В четвертом действии Станиславский сталкивает этих безобразников лицом к лицу с теми, кто хочет вырвать для себя хоть немного нормальной человеческой жизни. Встреча в лесу хлыновской компании, переодетой разбойниками, с Парашей — наиболее трагическая минута спектакля, спектакля, в котором все время в действенном противоречии находятся человечность и самодурство, природа и мишурный блеск, поэзия и чудовищная пошлость.

Пьеса «Горячее сердце» близка Щедрину и Гоголю по силе сатирического обобщения. Она близка Гоголю по интонации здорового, народного, «восторженного» смеха, звучащего в комедии. И это замечательно понял и раскрыл Станиславский. Он сказал, что понимает и будет ставить «Горячее сердце» как пьесу «гоголевского плана».

Но сатирические образы не заключают в себе, всю поэтику «Горячего сердца». Пьеса просторнее, богаче, чем только сатира, и сценическое решение Станиславского явилось гениальной разгадкой общего большого замысла драматурга.

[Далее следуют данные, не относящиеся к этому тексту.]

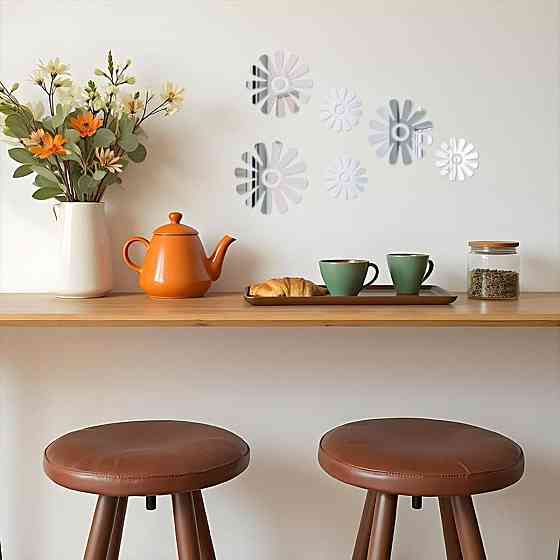 Зеркальный декор акриловый самоклеющийся Цветы серебро, 6шт (D) SW-00002519 Днепр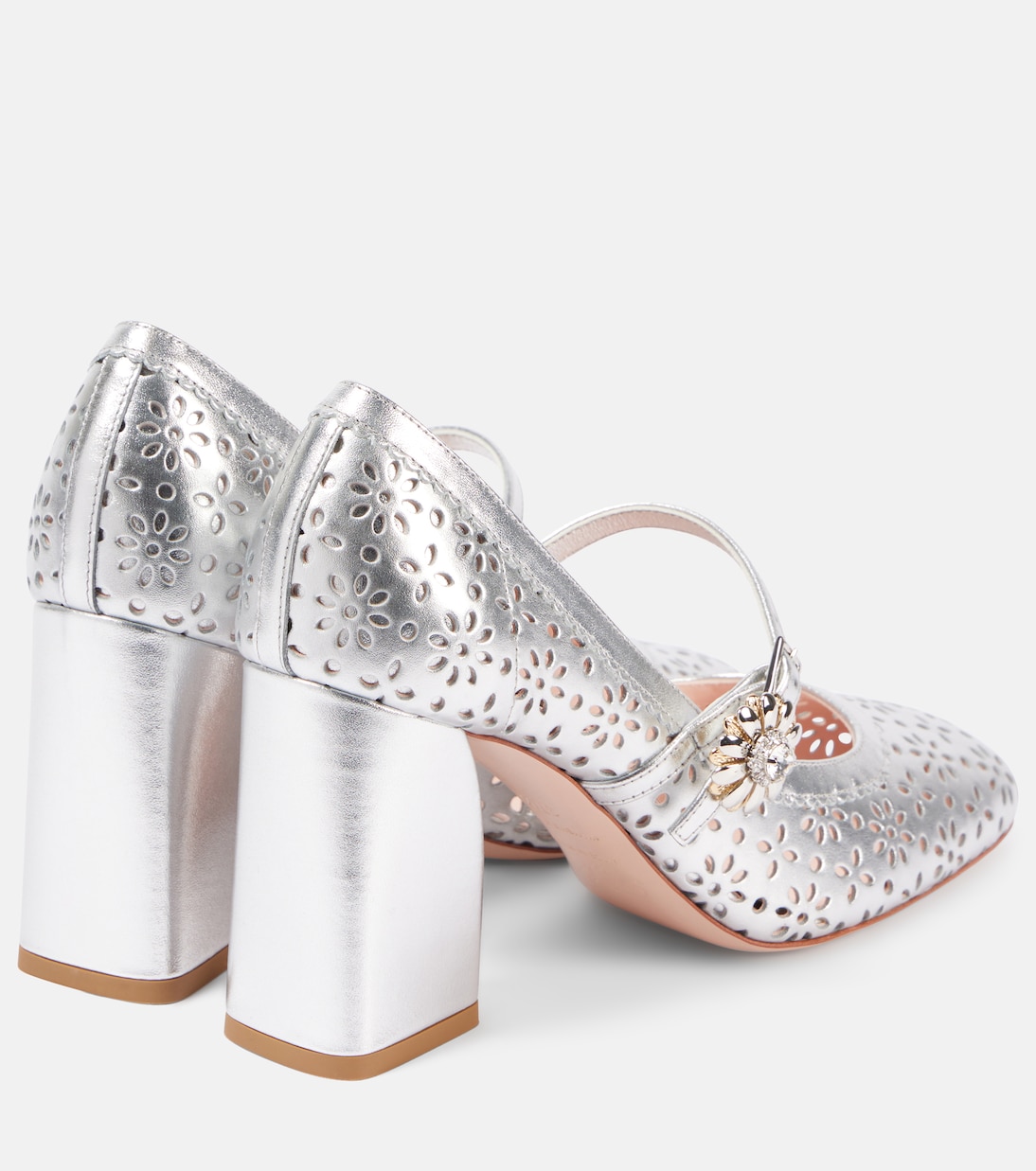 Туфли Мэри Джейн из металлизированной кожи Très Vivier Roger Vivier, Argento — фото 2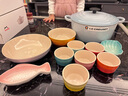 酷彩（Le Creuset）進口琺瑯鍋鑄鐵22/24/26cm圓形鍋湯鍋燜蒸燉煮鍋燉鍋煲湯微壓鍋 【3-5口之家】水晶藍 24cm 曬單實拍圖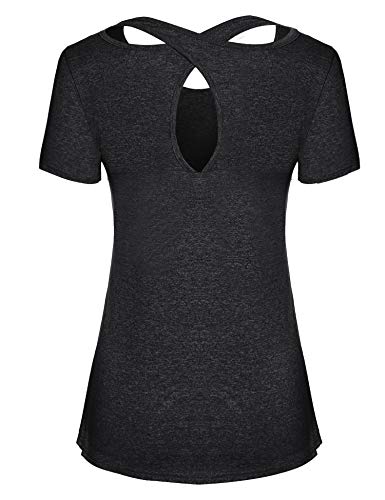 Sykooria Camiseta Deportiva Mujer Fitness de Manga Corta Tops de Yoga Camiseta Holgada Informal Transpirable de Secado Rápido Ropa Deportiva Entrenamiento Atlético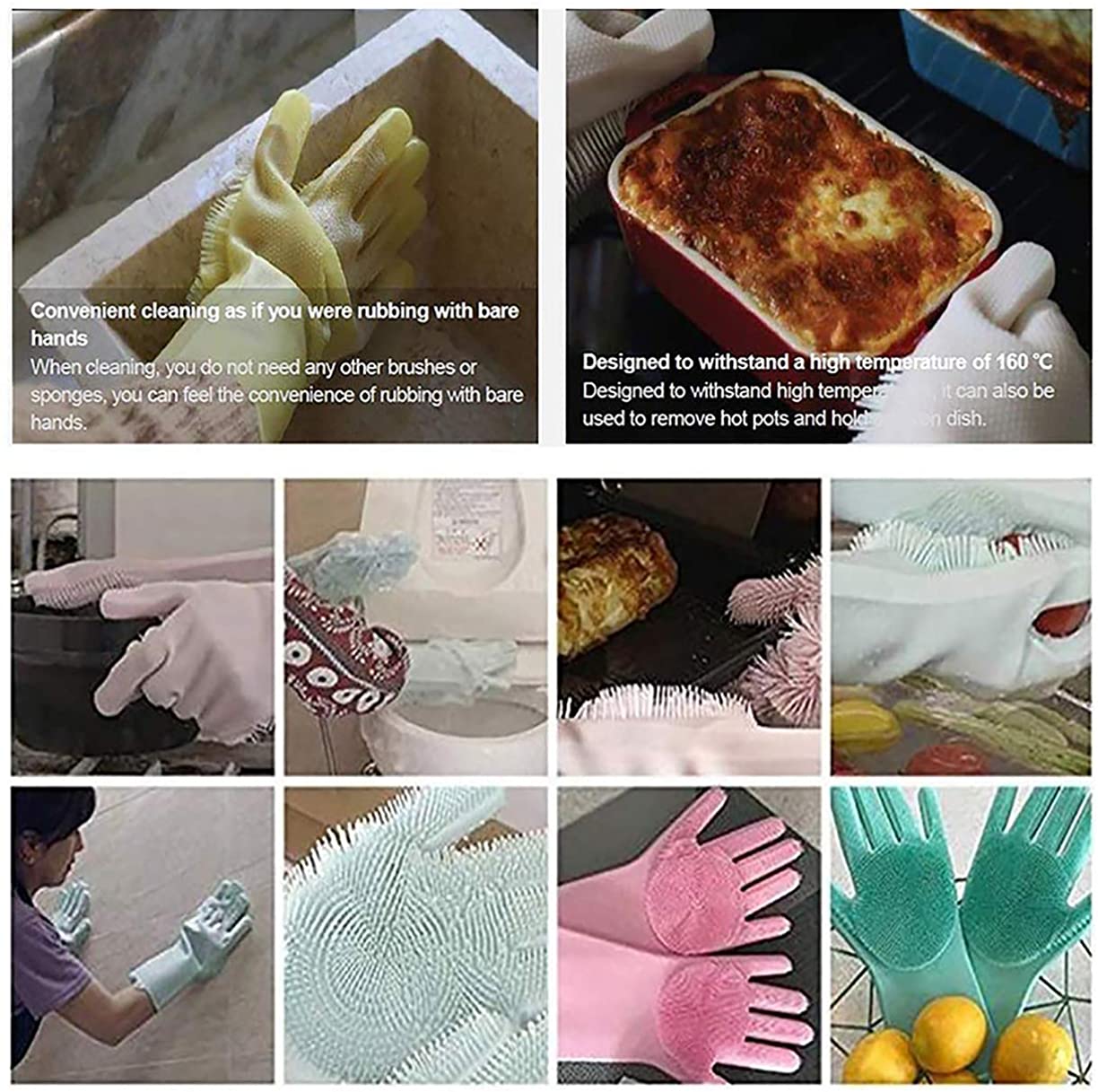 MITALOO Magic Dishwashing Cleaning Sponge Gloves Reusable Silicone Brush Scrubber Gloves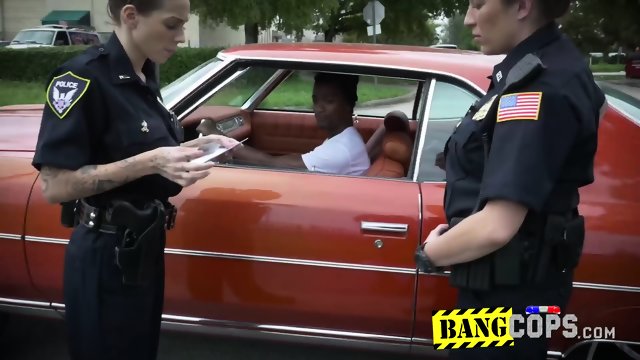 ROUGH tattooed FEMALE cops fucked hardcore by BIG BLACK SHLONG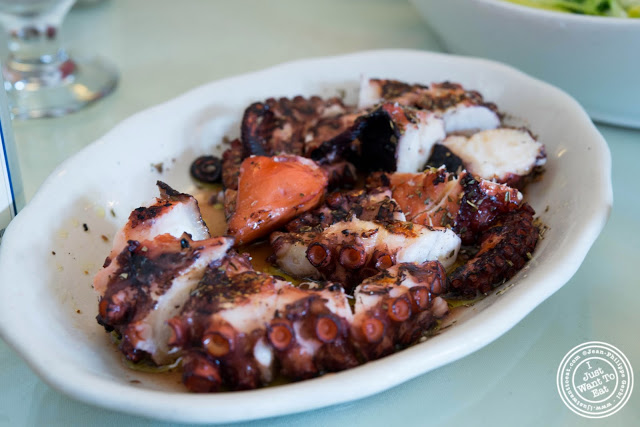 image of grilled octopus at Telly's Taverna in Astoria, New York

Нам чудится в словах о «гоголевском плане» намек на тот широкий эпический размах, с которым поставлен спектакль.

Подобно тому как в «Мертвых душах» помимо Собакевича, Плюшкина, Манилова и Ноздрева есть русская тройка, несущаяся по бесконечным дорогам, есть маленькие городишки с лавчонками, пыльными улицами, мучными бочками и калачами, есть Селифан, будочник, Петрушка, мужики, есть дороги и шлагбаумы, серые деревни, пестрые поля и колокольный звон, есть то, что 67 называлось Россией и представляло собой явление сложное, трагическое и противоречивое, — так в спектакле «Горячее сердце» у Станиславского помимо Хлынова и Курослепова есть девка в цветном сарафане, есть работники Курослепова, дворники в фартуках из мешковины и будочники, есть просители, зябнущие на площади, и изнуренные арестанты, есть русская песня, то тоскливая, то разудалая, но всегда хватающая за сердце, есть причитание Параши у тюремных стен и трагическая сцена в лесу, есть крики домовых в чаще деревьев…

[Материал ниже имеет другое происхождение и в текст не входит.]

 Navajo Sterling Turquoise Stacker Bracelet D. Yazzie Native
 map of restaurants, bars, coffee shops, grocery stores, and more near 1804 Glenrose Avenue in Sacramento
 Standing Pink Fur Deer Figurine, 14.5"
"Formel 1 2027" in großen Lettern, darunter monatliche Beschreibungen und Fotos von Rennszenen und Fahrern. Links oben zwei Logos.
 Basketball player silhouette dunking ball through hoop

«На свете дивно устроено, — говорил Гоголь, — веселое мигом обратится в печальное, если только долго застоишься перед ним». Широкая контрастность жизненных явлений, постоянные переходы от комического к трагическому отличают этот спектакль. В художественной ткани его в неразрывное целое сплетены сатира, лирика, эпический размах. Смешное и уродливое так тесно связано с грустным и трагедийным, что его нельзя назвать спектаклем только сатирическим. Это взволнованное эпическое повествование о России, такой большой, могучей и такой уродливой и нелепой. Все это типично и истинно «мхатовские» сцены по силе своего поэтического и одновременно бытового настроения. Атмосферы тут отнюдь не меньше, и она не менее поэтична, чем в чеховских спектаклях. И так же как там, в чеховских постановках, тут, в «Горячем сердце», настроение одной сцены переходит, переливается в настроение другой, и нет между ними никаких «театральных» пустот, а весь спектакль построен на удивительных по своей выразительности сменах и переходах настроений и ритмов.

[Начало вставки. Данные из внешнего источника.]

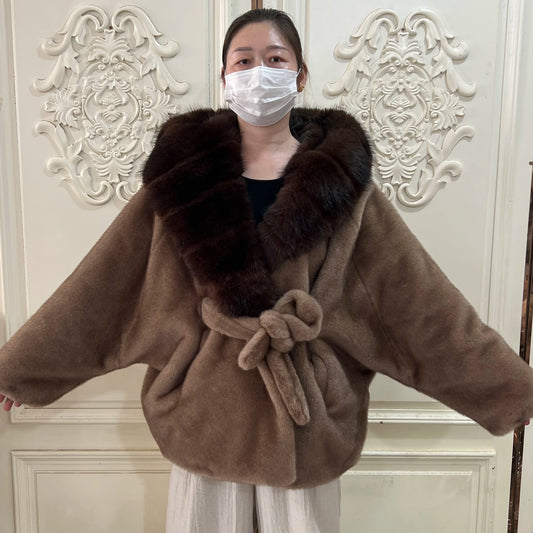 Artificial Imitation Mink Fur Fashionable Korean Style Loose Women's Hat Jacket Fur Coat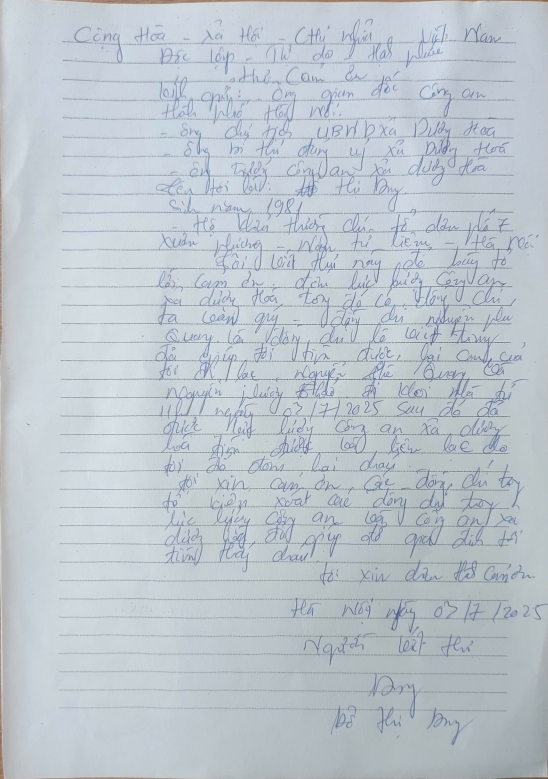 Thư cảm ơn của bà Đ.T.D (mẹ đẻ của hai cháu bé) đến Cơ quan Nhà nước.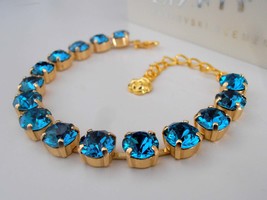 Swarovski Tennis Bracelet / Prom Gold Cupchain Jewelry / Blue Zircon Crystal Cha - £18.96 GBP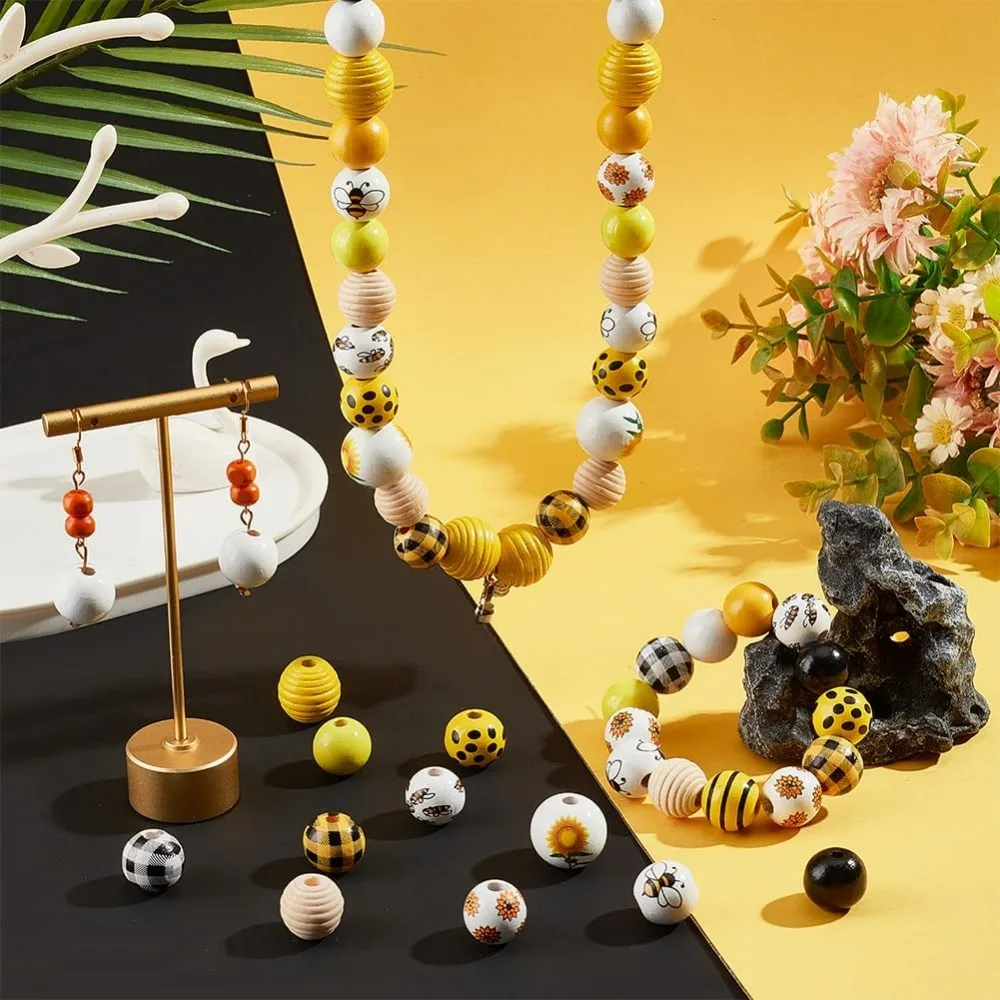 192pcs 14 Styles Sunflower Wooden Beads 16mm Bee Loose Round Beads Colorful Painted Wood Beads Yellow Bead for Summer Christmas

Кроме того, Станиславский каждого актера как бы окружал плотным кругом бытовых, жизненных видений. Он знал, что это всегда скажется, неуловимо войдет не только в актерское исполнение, но в общую атмосферу спектакля. В работе с актером за каждой мыслью, иногда даже за отдельным словом пьесы он раскрывал живые картины эпохи. Он рисовал монастырь, куда отправляется на богомолье Параша, и рассказывал о том, что часто на богомолье ходили набираться сил перед трудным делом, перед подвигом, и набирались сил не от молитвы, а от общения с природой, с полями, лесами, разливами русских рек… За одним словом «солдатка» он раскрывал целый пласт народных представлений, верований и идеалов. Оказывается, «солдат» — для Параши совсем не позорное слово. Ведь солдат — любимый народный герой, это герой суворовских походов, войны 1812 года, воплощение добра, ума, честности. Вот почему Параша с таким воодушевлением говорит Васе, чтобы он «попросился на сражение», и мечтает, когда он вернется, пройтись с ним гордо под ручку по всему городу… Реальным ощущением жизни и эпохи, как воздухом, наполнялся спектакль, обретая устойчивость и упругость живого организма.

Не было в «Горячем сердце» ни мелочей быта, ни дотошных подробностей обстановки, не было приказчиков, купчиков и купеческих дочек, — не было всего того, что возникает у нас за словами: «бытовая комедия Островского».

68 Не было штампов, которыми, как корой, обрастает с годами классика. Тем не менее был этот спектакль бытовым в самом прекрасном и высоком смысле этого слова. Более того — именно бытом, то есть реальным смыслом и атмосферой жизни, убил Станиславский «бытовые» штампы спектаклей Островского.

Но, как всегда, в этом — только первооснова замысла Станиславского, только одна сторона его решения. Другая — в том, как на основе бытовой правды он пришел к невиданным по размаху и силе обобщениям. Другая, действительно, — в условности спектакля.

Интересно посмотреть, как рождается эта условность.

Прежде всего она связана с разгадкой природы самой пьесы — не с соблазнами постановочных эффектов, а с драматургией.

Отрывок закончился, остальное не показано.